[Scraped caption text data]
*** Block opens ***

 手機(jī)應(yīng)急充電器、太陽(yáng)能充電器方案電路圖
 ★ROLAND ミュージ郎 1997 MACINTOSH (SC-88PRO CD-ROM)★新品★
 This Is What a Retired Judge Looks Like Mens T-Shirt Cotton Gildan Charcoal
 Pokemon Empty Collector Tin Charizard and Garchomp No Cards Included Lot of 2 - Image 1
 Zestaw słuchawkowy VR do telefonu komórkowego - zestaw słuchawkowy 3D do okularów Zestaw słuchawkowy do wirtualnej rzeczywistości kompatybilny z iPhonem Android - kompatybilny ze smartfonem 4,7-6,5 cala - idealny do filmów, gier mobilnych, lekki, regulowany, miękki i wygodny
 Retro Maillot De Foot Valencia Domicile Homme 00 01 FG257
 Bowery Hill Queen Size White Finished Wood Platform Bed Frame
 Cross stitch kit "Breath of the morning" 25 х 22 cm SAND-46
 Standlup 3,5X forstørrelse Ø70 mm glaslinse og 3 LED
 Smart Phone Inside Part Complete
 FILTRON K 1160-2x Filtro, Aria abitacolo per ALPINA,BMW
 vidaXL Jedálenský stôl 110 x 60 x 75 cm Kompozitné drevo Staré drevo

*** Block closes ***

# [TASK DIRECTIONS]
Reproduce the lines of the entries above from the one with "Bowery Hill Queen" to the one with "FILTRON K 1160-2x", both included, exactly and without any other line.

# [SOLUTION TO THIS EXERCISE]
 Bowery Hill Queen Size White Finished Wood Platform Bed Frame
 Cross stitch kit "Breath of the morning" 25 х 22 cm SAND-46
 Standlup 3,5X forstørrelse Ø70 mm glaslinse og 3 LED
 Smart Phone Inside Part Complete
 FILTRON K 1160-2x Filtro, Aria abitacolo per ALPINA,BMW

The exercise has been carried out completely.